What’s Agile? Simplicity (Principle #10)

Agile uses the principle of simplicity to support several of the other foundational principles of Agile. The tenth Agile principle is:

Simplicity–the art of maximizing the amount of work not done–is essential.

Principles behind the Agile Manifesto

Advantages of Simplicity

This is one of my favorite Agile principles. Often times, after a discussion with one or more team members, we come up with a simpler way to do something. A way that is not only simpler, but that requires less work than we thought it would.

On such occasions, I’ll often say something like “I love talking ourselves out of work.”

Simpler code is faster to write, easier to understand, more maintainable, and more easily changed to meet changing requirements. It also minimizes technical debt. And from a project management perspective, it takes less time, costs less, and is lower risk.

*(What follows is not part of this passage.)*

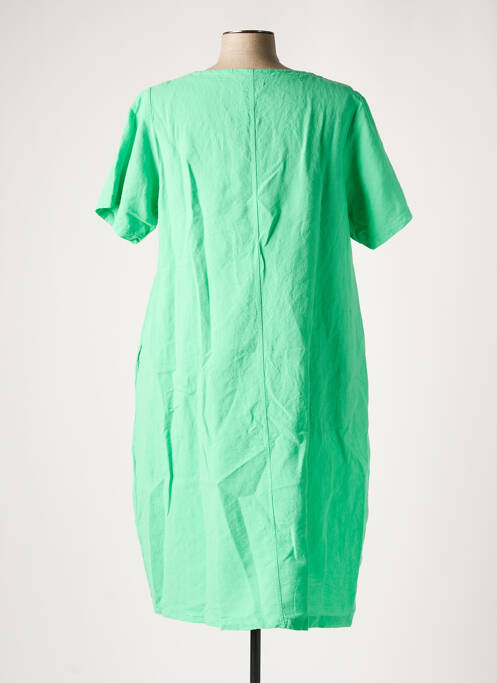 Robe mi-longue vert G!OZE pour femme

Simplicity support so many other Agile principles:

  • Excellence, because simpler designs are of higher quality and position you for change.
  • Sustainable Pace, because simpler designs are easier, more predictable, more maintainable, and less prone to technical debt.
  • Working Software, because simplicity allows you to deliver results more reliably.
  • Frequent Delivery, because simplicity delivers more quickly.
  • And more…

Take a look at all of the Agile principles leading up to this one. You’ll find that they are all supported by, or expressions of, simplicity.

Simplicity is a pervasive, unifying theme in Agile.

Simplicity Isn’t Easy

Easy and simple aren’t the same thing. Sometimes the simpler solution is obvious. At other times, a problem and its solution are apparently complex. Those kinds of problems require more effort to come up with a simpler solution.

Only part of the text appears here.